Retailers are deeply hesitant — and understandably so — about deploying new systems at this time of the year, even though logically it’s the time of year they should be adding more protection. The fear of introducing friction that compromises conversions is just too high.
But waiting to address this during more “quiet times” actually makes merchants more vulnerable, Xie said, because that spike of fraudsters isn’t there, and they may feel that their systems have it handled.
The question of how marketplaces should address fraud, she said, isn’t about how they can push those decisions after the season is over — but how to push them up, well before their big shopping surges begin.
The Economy Of Trust
The modern consumer does not lack for choices, Xie noted. There are countless retailers and marketplaces looking to woo their spend every minute of every day. That makes it harder to create a loyal consumer — and even harder to hold on to one, making the stakes for marketplaces much higher than they’ve ever been.
That makes an episode of fraud more than a lost revenue issue — it can also make it a lost consumer trust issue.
And that is particularly true on marketplaces, she noted, where chargebacks from false purchases aren’t the only risk a merchant faces. There is also the increasing problem of phony merchants sneaking on marketplaces and selling goods that don’t exist.

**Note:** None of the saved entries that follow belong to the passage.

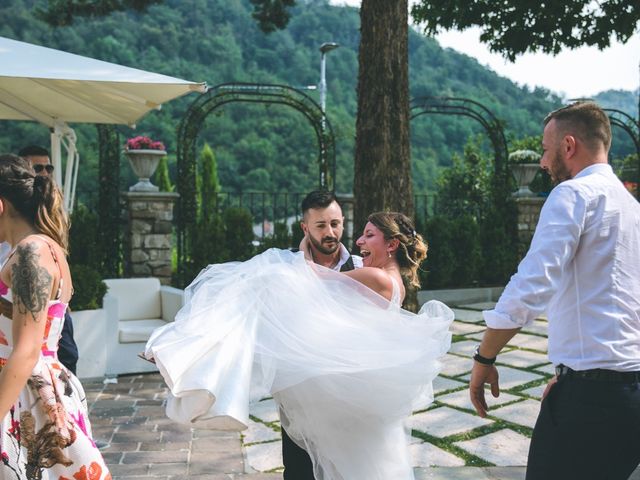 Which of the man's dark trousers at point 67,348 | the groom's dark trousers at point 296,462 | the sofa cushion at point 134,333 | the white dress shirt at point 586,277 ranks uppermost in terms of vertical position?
the white dress shirt at point 586,277

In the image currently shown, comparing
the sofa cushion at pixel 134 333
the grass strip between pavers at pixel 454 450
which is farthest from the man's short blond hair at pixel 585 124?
the sofa cushion at pixel 134 333

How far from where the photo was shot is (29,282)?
7.37 ft

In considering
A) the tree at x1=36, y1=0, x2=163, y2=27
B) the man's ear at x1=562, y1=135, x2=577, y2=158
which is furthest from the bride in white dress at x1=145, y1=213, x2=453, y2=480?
the tree at x1=36, y1=0, x2=163, y2=27

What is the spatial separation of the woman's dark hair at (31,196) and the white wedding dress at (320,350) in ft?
1.77

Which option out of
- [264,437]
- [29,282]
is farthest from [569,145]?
[264,437]

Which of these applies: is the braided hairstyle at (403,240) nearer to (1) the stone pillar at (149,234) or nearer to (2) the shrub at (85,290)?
(2) the shrub at (85,290)

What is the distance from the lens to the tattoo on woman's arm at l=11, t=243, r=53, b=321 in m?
2.23

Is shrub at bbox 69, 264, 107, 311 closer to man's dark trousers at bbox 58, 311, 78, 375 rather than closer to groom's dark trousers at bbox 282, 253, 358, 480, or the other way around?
man's dark trousers at bbox 58, 311, 78, 375

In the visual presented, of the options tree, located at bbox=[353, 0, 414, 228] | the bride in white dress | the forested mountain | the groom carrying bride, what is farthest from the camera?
the forested mountain

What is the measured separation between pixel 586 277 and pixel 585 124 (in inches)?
21.4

“The impact there isn’t just a chargeback,” Xie said “but the overall trust in the image of the marketplace. The customer starts asking themselves if the marketplace is trustworthy, if the vendors are for real. Solving only for the chargeback fraud misses a very big point.”
For holiday 2018, she noted, the security ship has likely sailed, since most marketplaces and retailers don’t want to start making major changes during their busiest traffic season — and even if they did, they need time to implement change. But it will never be too early to prepare for holiday 2019, when fraud attacks will surely spike again. Coming out of this holiday season and moving into 2019, marketplaces need to upgrade their mindsets on this subject along with their tools.
“The mindset that is needed is about how we now have to fight fraud across every channel — and in an adaptive way, because we just don’t live in a stative cybersecurity environment.”